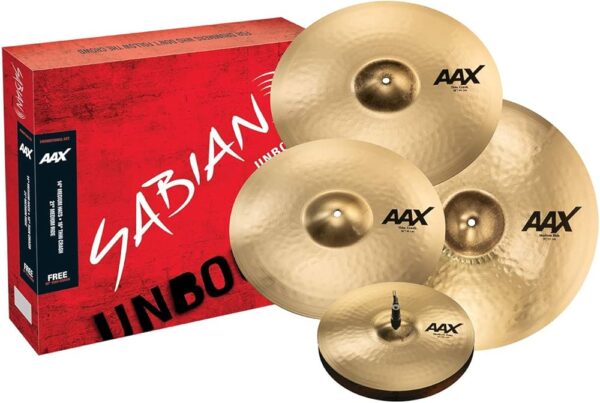 Sabian AAX Promotional Cymbal Set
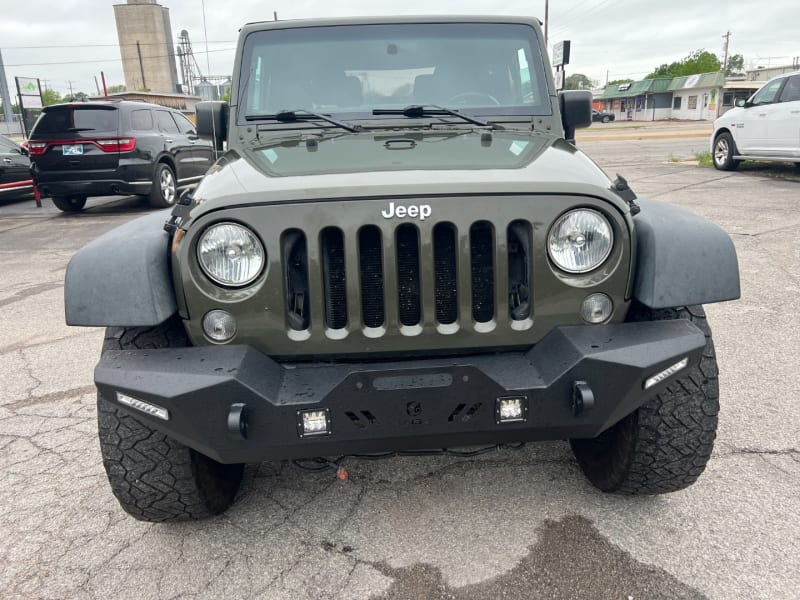 Jeep Wrangler 2015 price $12,995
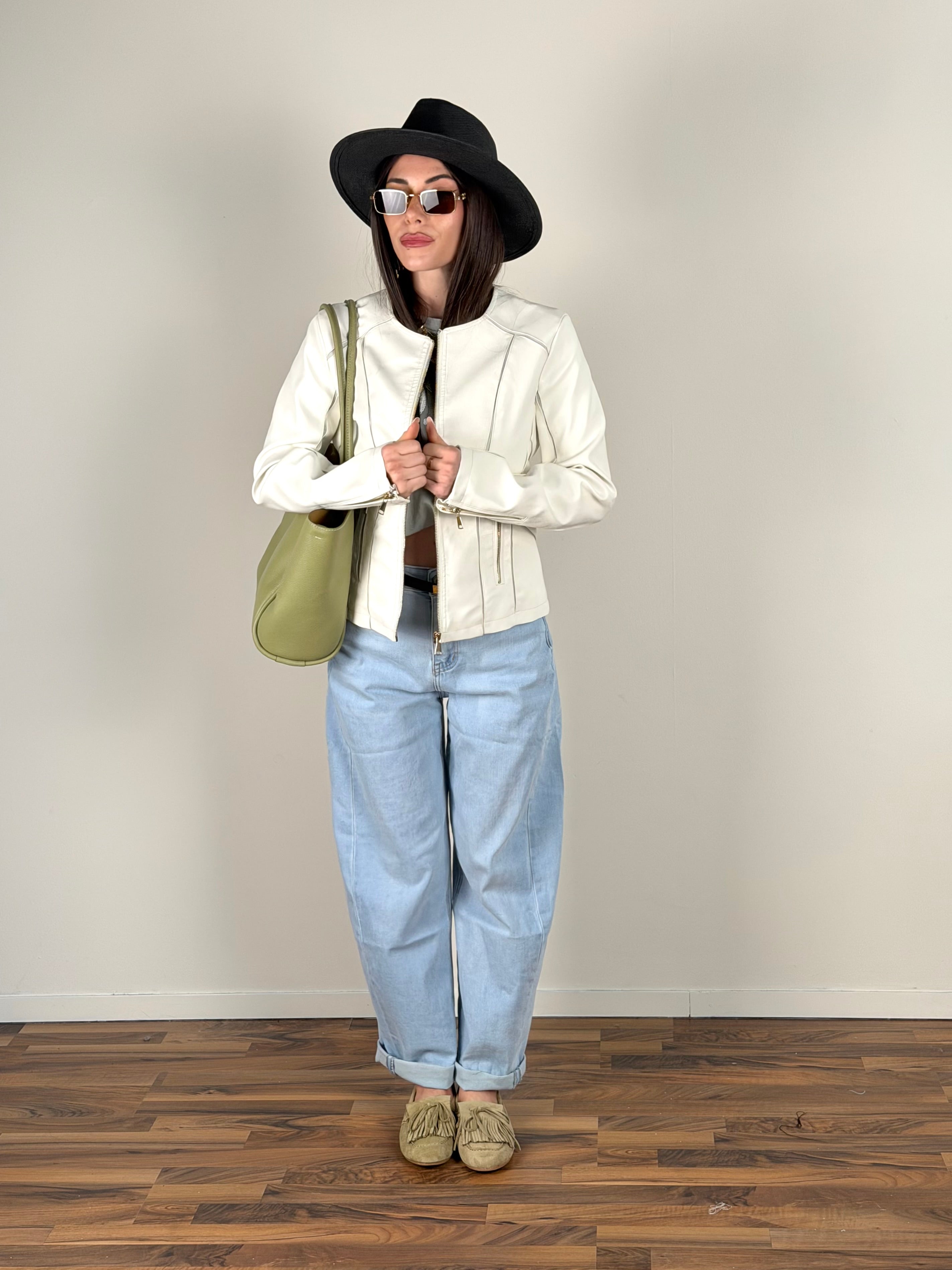 Chiodo Loft bianco
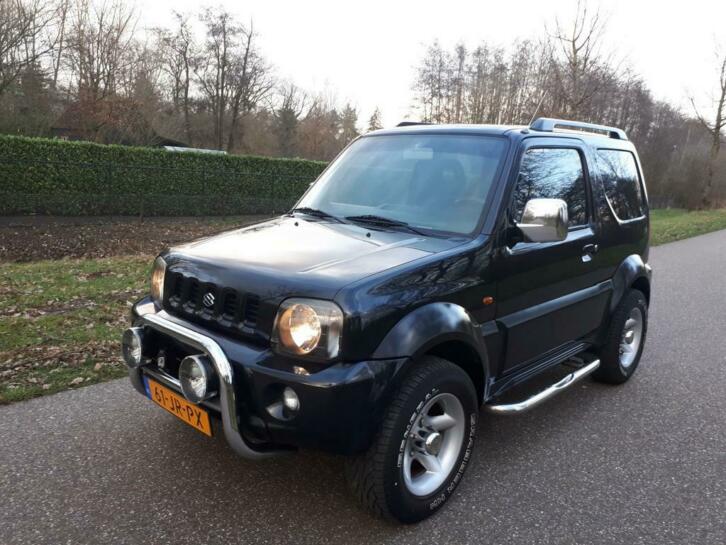 Suzuki Jimny 1.3 airco  4x4  nieuwstaat  inruil mogelijk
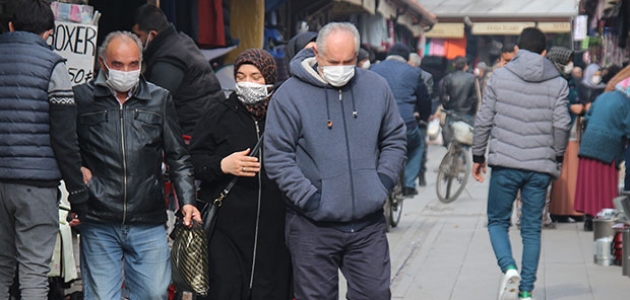 Çok yüksek risk kategorisindeki Konya'da haftalık vaka sayısı artıyor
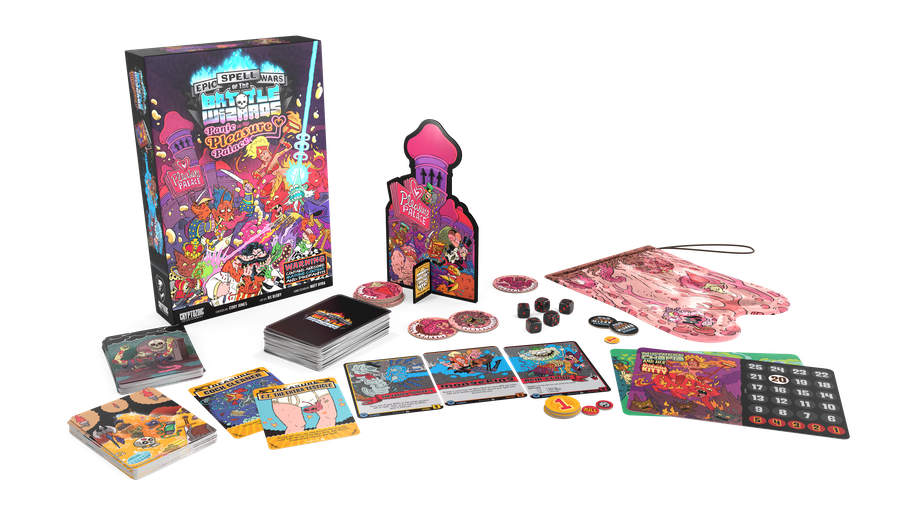 Epic Spell Wars of the Battle Wizards: Panic at the Pleasure Palace | Tacoma Games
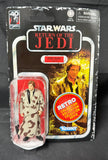 STAR WARS ROTJ RETRO COLLECTION HAN SOLO ENDOR 3.75IN AF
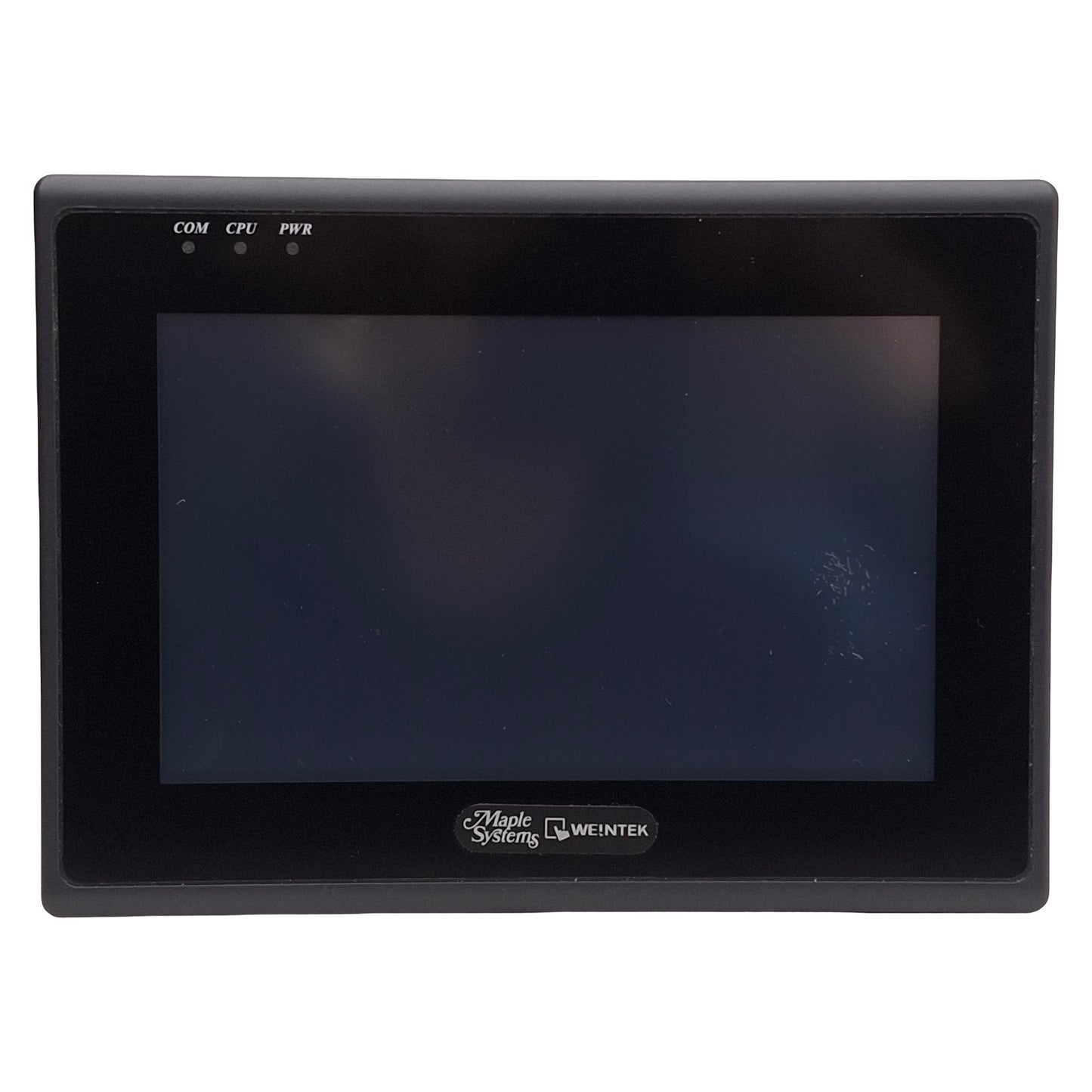 Used Maple Systems HMI5070TH Touchscreen HMI, 7in Display, 800x480, DB9, RJ45, 24VDC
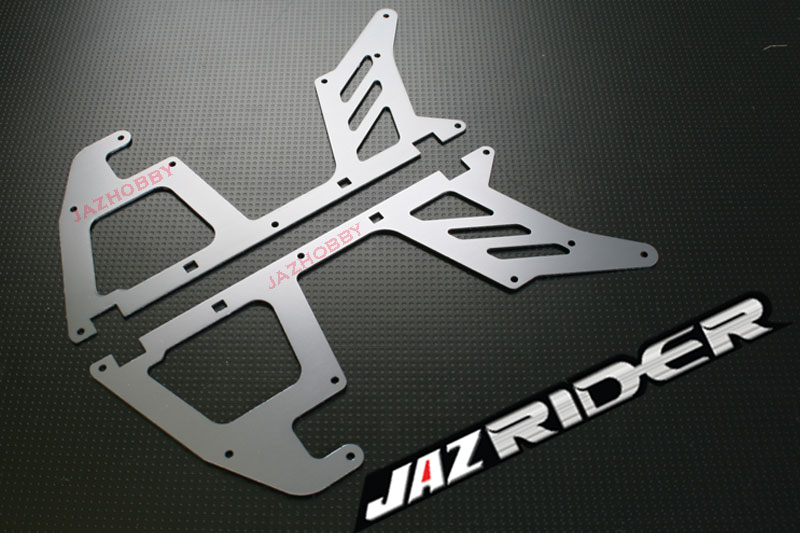 Metal Bottom Side Frame Set For Align Trex T-rex 450 AE SE V2 Alloy parts - Jazrider Brand [JR-HAG-TX450-036]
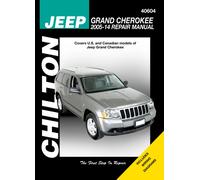Grand Jeep Cherokee (05 - 14) (Chilton) : 2005-2014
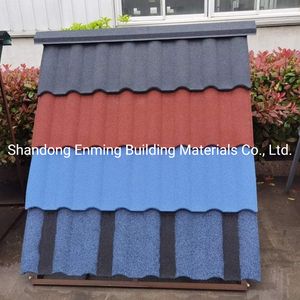 Colourful Photovoltaic Solar Panel Aluminum Zinc Roofing Sheet Shingle Solar Roof Tiles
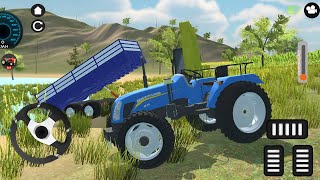 NEW HOLLAND 4710 4×4 🚜 Indian Tractor Simulator 2 Full Gameplay 🚜 | Real Tractor Game Android #181 screenshot 1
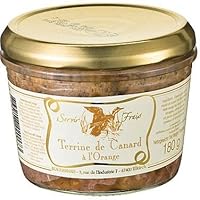 Terrine de Canard à l'Orange 180 g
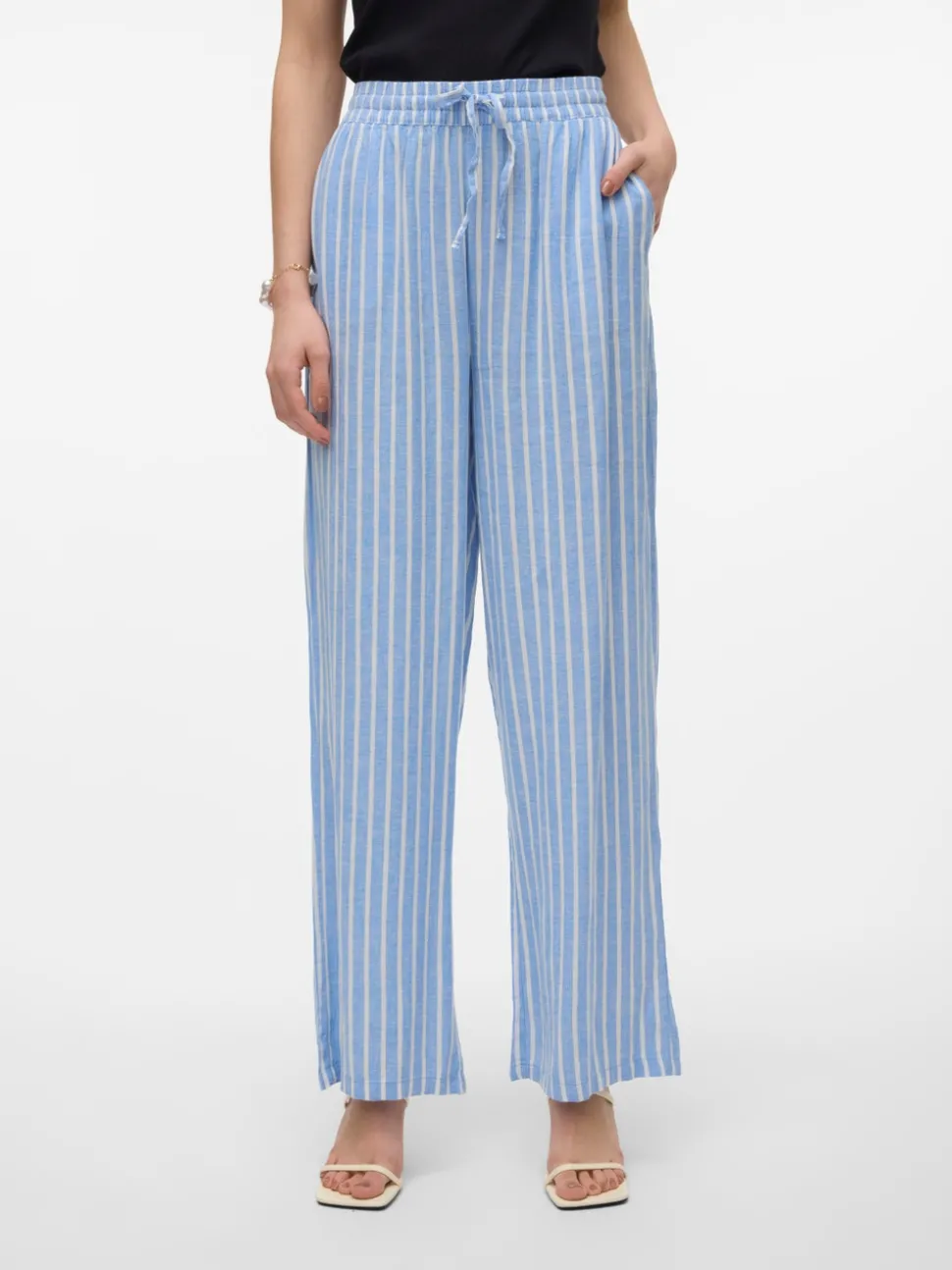 VMLINN Mid waist Broek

★ ★ ★

* WORK INSTRUCTIONS
Excluding the images, return each record above precisely as written.

* RESPONSE TO THIS EXERCISE
 Sabian AAX Promotional Cymbal Set
 Jeep Wrangler 2015 price $12,995
 Chiodo Loft bianco
 Suzuki Jimny 1.3 airco  4x4  nieuwstaat  inruil mogelijk
 Çok yüksek risk kategorisindeki Konya'da haftalık vaka sayısı artıyor
 Epic Spell Wars of the Battle Wizards: Panic at the Pleasure Palace | Tacoma Games
 STAR WARS ROTJ RETRO COLLECTION HAN SOLO ENDOR 3.75IN AF
 Used Maple Systems HMI5070TH Touchscreen HMI, 7in Display, 800x480, DB9, RJ45, 24VDC
 Metal Bottom Side Frame Set For Align Trex T-rex 450 AE SE V2 Alloy parts - Jazrider Brand [JR-HAG-TX450-036]
Grand Jeep Cherokee (05 - 14) (Chilton) : 2005-2014
 Colourful Photovoltaic Solar Panel Aluminum Zinc Roofing Sheet Shingle Solar Roof Tiles
 NEW HOLLAND 4710 4×4 🚜 Indian Tractor Simulator 2 Full Gameplay 🚜 | Real Tractor Game Android #181 screenshot 1
 Terrine de Canard à l'Orange 180 g
 VMLINN Mid waist Broek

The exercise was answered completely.